A wonderful British woman named Jill Briscoe taught me (along with the rest of the radio listeners) about the deep place, where only God lives… and tonight I listened.
I sat down on the doorstep of my heart and thought about listening.
I thought about how full my heart was… the Lord has given me so much to fill it with… and then I try to shove alot of other things on top of it! With that thought came a tumult of cares and people and situations – most of which are out of my control. It was so loud that I finally burst into tears. When the tears stopped I sat in the silent loneliness of the moment.

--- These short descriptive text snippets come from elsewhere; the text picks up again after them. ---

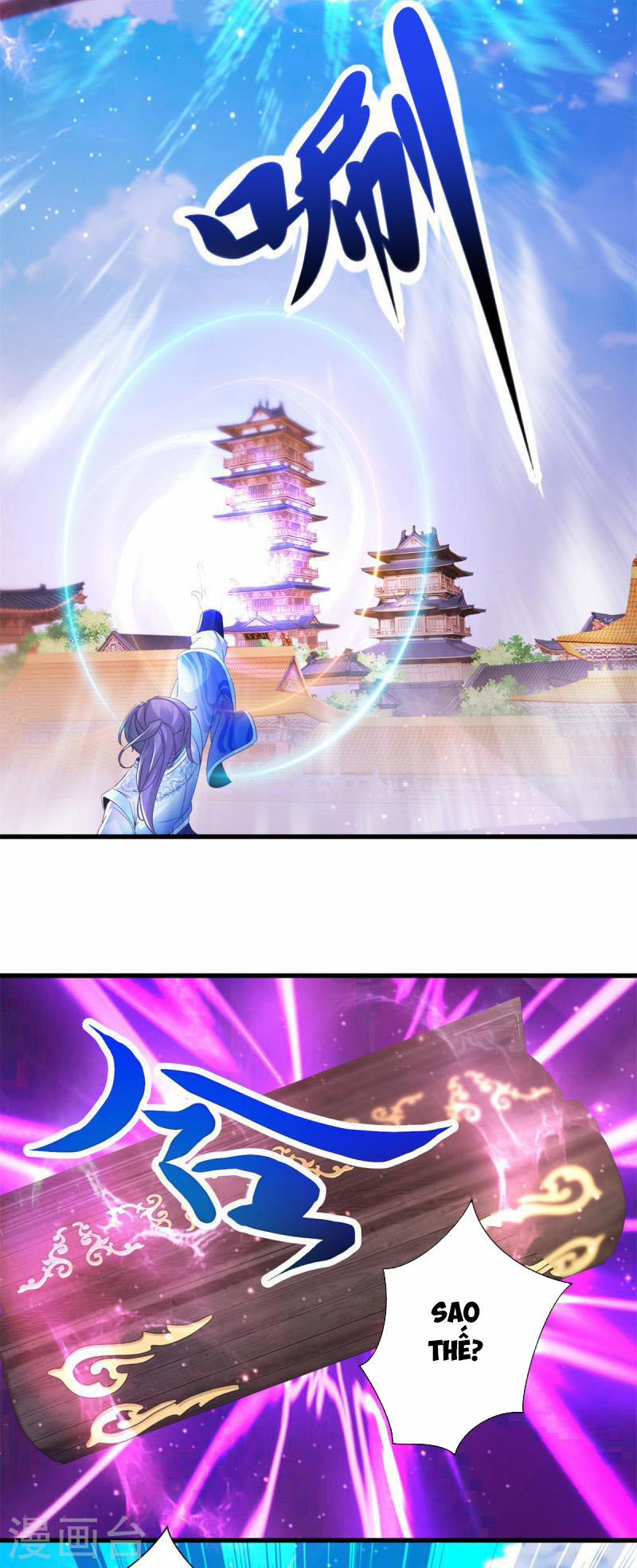 Thần Hồn Võ Đế 202 trang 16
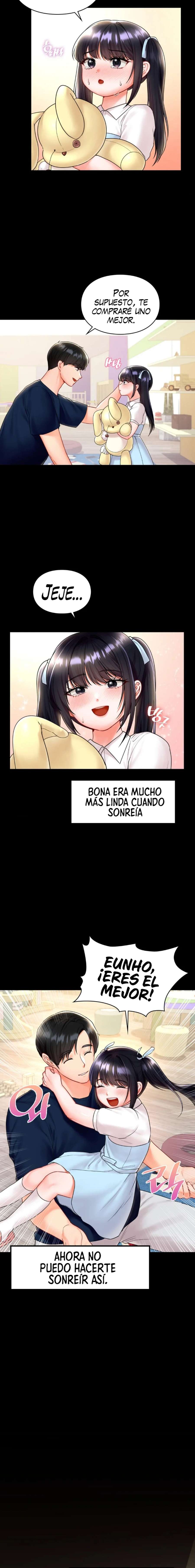 La Niña que Esta Obsesionada Conmigo Capitulo 5 página 6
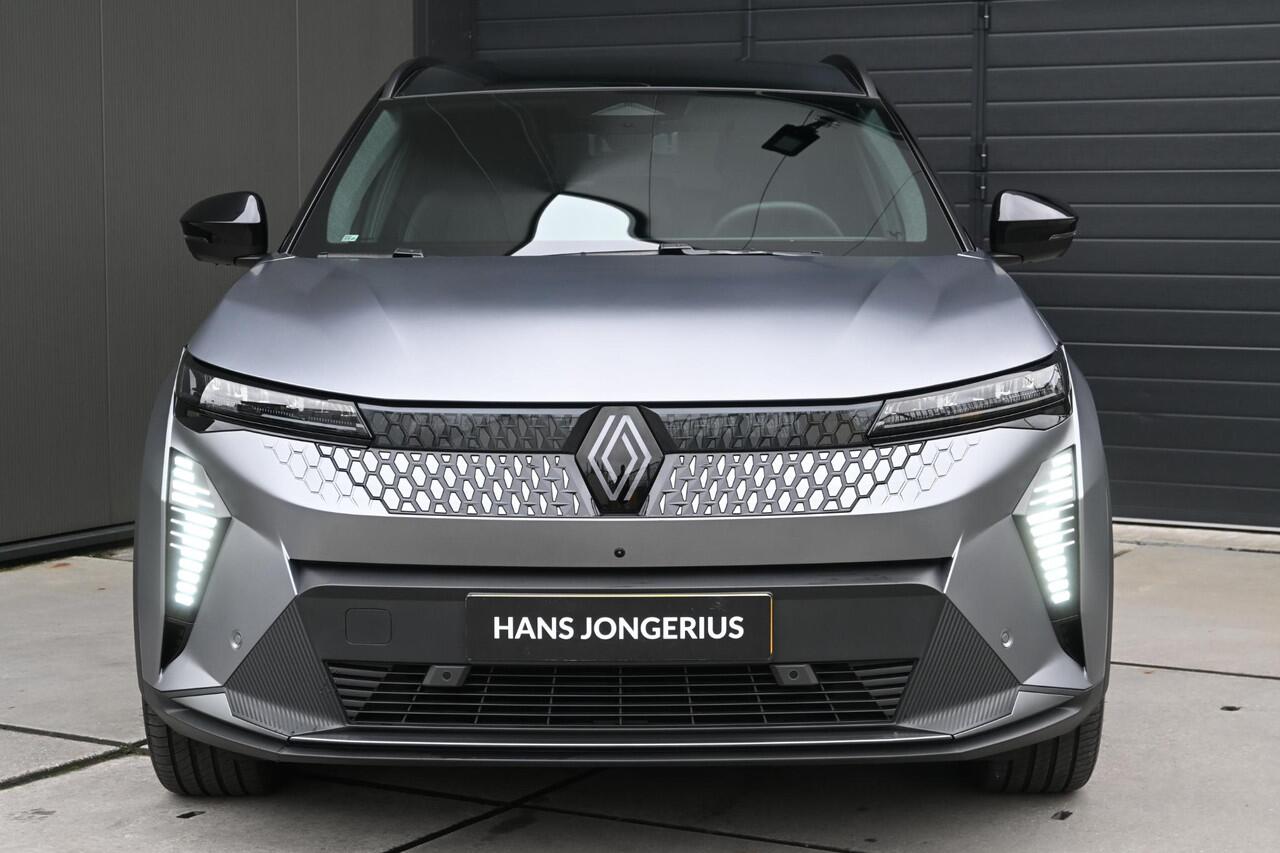 Renault SCENIC E-Tech EV87 long range esprit Alpine | MAT GRIJS | PANORAMADAK | HARMAN/KARDON | 360 CAMERA | STUUR/STOELVERWARMING | NAVI | ADAPT. CRUISE CONTROL | APPLECARPLAY/ANDROIDAUTO | FULL OPTION!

On the doorstep of my heart, there is a loneliness that hangs about, like summer sunshine without any breeze – the air can get stale.
Just as I thought about leaving, I remembered – I am not alone.
“Where is Jesus? I know that He lives here.”
That was when I noticed the watering can sitting beside the garden of my heart… a twinge of guilt stung my heart, but with it awoke a desire even stronger. So strong, I had to act on it. Jesus loves to garden and He lets me help.
The watering can was full and I knew He wanted me to water the flowers of my heart.
The weeds were trying to steal the nutrients from the good seeds.
As I took up the can a delicious breeze kissed my cheek, so gently that if I hadn’t been about the Gardner’s work I would’ve missed it.
I heard Him somewhere in my heart, whistling while He sorted through a box of broken hopes and secret dreams… He know to keep and what to throw out.
I was anxious to get down to business, and see everything come to right, but sorting through the dust and disarray of love and hurt in life takes time.
He has given me a task and I need to do it.
So today, I water the garden of my heart with His living water and leave the heavy-hearted cleaning to the Lord.